Three-phase power systems power most heavy equipment in industrial facilities. Variable frequency drives, rectifiers, motor controls, renewable energy inverters — they all need clean, stable power to work reliably. The magnetic components managing that power don't get much attention until something goes wrong.  

3-phase inductors show up in more places than most engineers expect, and the difference between the various types of three-phase inductors matters. Picking the wrong configuration for a harmonic filtering application, or mismatching an inductor to a rectifier topology, can create problems that take months to trace back to their source. This article covers the main types, what each one does, and where they belong. 

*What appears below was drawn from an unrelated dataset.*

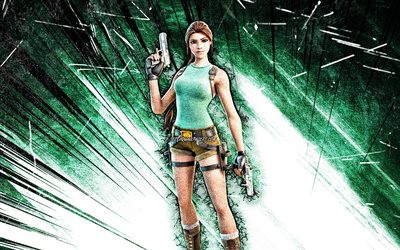4k, 25 Yıl D&#246;n&#252;m&#252; Varyantı Lara Croft, grunge sanat, Fortnite Battle Royale, Fortnite karakterleri, turkuaz soyut ışınlar, 25 Yıl D&#246;n&#252;m&#252; Varyantı Lara Croft Derisi, Fortnite, 25 Yıl D&#246;n&#252;m&#252; Varyantı Lara Croft F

Why Three-Phase Inductors Aren't Just Scaled-Up Single-Phase Designs 

A single-phase inductor manages one winding and one flux path. Three-phase designs balance three. That difference affects core geometry, winding layout, thermal behaviour, and how the component interacts with the rest of the system. 

In a balanced three-phase system, magnetic fluxes in each phase are 120° apart. A well-designed three-phase inductor uses that phase relationship, where flux from one limb partially cancels flux in another. That allows for smaller cores compared to three separate single-phase units. In practice, load imbalances, harmonic content, and non-sinusoidal waveforms push the design harder than nameplate conditions suggest. 

Core construction varies by application. Stacked lamination cores work well at line frequency. Ferrite and powdered iron cores handle higher switching frequencies better. The gap geometry, whether distributed or discrete, shapes saturation behaviour and affects performance under transient loads.  

If you're working through whether a single three-phase unit or three separate inductors makes more sense for your design, our inductors, chokes, reactors, and filters breakdown covers that distinction in more detail. 

AC Line Reactors: The Workhorse of Industrial Power Conditioning 

AC line reactors are the most common three-phase inductors used in industry. They sit on the input side of variable frequency drives, soft starters, and rectifier bridges. Their job: limit the rate of current rise, reduce harmonic distortion fed back into the supply, and protect upstream equipment from voltage notching. 

A 3–5% impedance line reactor at the VFD input can reduce total harmonic distortion (THD) from 80–100% to 35–40%, depending on drive topology and load. That matters under IEEE 519, which sets harmonic distortion limits at the point of common coupling. Distortion from one large drive or a dozen smaller ones adds up at the service entrance all the same. 

Line reactors also extend drive life. The capacitor banks inside a VFD see less stress when there's a reactor on the input, because current peaks that charge those capacitors are flattened. It's one of the less expensive ways to improve system reliability. 

One important distinction: line reactors aren't interchangeable with DC link chokes. Both appear in VFD applications, but the DC link choke sits inside the drive between the rectifier and inverter sections, targeting a different part of the harmonic spectrum. Some manufacturers include one or the other from the factory, so checking drive documentation before specifying an external reactor avoids confusion. 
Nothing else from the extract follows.